Under Federal Rule of Criminal Procedure 33(a), a court may "vacate any judgment and grant a new trial if the interest of justice so requires." Nevertheless, the Seventh Circuit has cautioned that "a jury verdict in a criminal case is not to be overturned lightly, and therefore a Rule 33 motion is not to be granted lightly." United States v. Morales, 902 F.2d 604, 605 (7th Cir.1990). Such motions should be granted only in "extreme cases." Id.; United States v. Linwood, 142 F.3d 418, 422 (7th Cir.1998).

Courts are afforded "considerable discretion . . . with respect to the precise wording of instructions so long as the final result, read as a whole, completely and correctly states the law." United States v. Grady, 746 F.3d 846, 848 (7th Cir. 2014) (internal citation and quotation marks omitted). A conviction will not be overturned "merely because the addition or removal of several words theoretically could have improved a defendant's chance of acquittal." United States v. Smith, 131 F.3d 685, 688 (7th Cir. 1997); United States v. Tingle, 183 F.3d 719, 729 (7th Cir. 1999) ("[T]he wording of jury instructions is not an exact science."). The real question is "whether the jury was misled in any way and whether it had [an] understanding of the issues and its duty to determine those issues." United States v. Dack, 987 F.2d 1282, 1284 (7th Cir. 1993) (internal citations and quotation marks omitted). To win a new trial, the defendant must show that "the jury's comprehension of the issues [was] so misguided that it prejudiced" the defendant. Id. Even if a jury instruction was erroneous, "there is still no need for reversal if after reviewing the record as a whole, 'the evidence in support of the verdict is so overwhelming that the same verdict would necessarily be reached absent the error.'" Id. (quoting Vaughn v. Willis, 853 F. 2d 1372, 1376 (7th Cir. 1988).

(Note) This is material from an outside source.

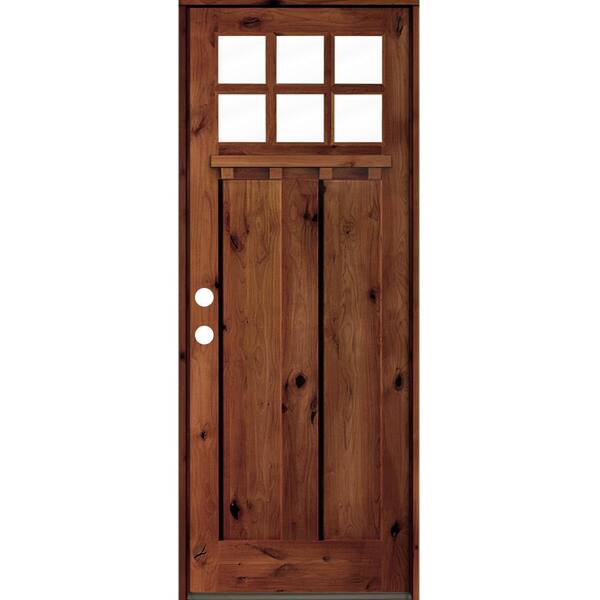 null 32 in. x 96 in. Craftsman Knotty Alder Right-Hand/Inswing 6-Lite Clear Glass Red Chestnut Stain Wood Prehung Front Door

Bradbury's motion renews his objection at trial to Instruction No. 22. (See DE 160 at 205:24-206:7, 206:13-19.) He argues that the instruction that defined the term "maliciously" directed the jury to find "that malice would be satisfied simply if Mr. Bradbury acted intentionally" rather than "intentionally despite a likelihood that damage or injury will result[.]" (DE 172 at 4.) I'm not sure I understand the new elaboration. The point of the instruction was to separate statements that are made intentionally from those that are uttered inadvertently or accidentally. The jury was instructed that if it found that Bradbury acted intentionally when he said on Facebook that he was going to kill two police officers, two judges, and blow up a county courthouse—even if those statements were false—then that would be enough to find him guilty. This is because uttering those kinds of provocative statements online via social media is nearly certain to cause a swift response from law enforcement.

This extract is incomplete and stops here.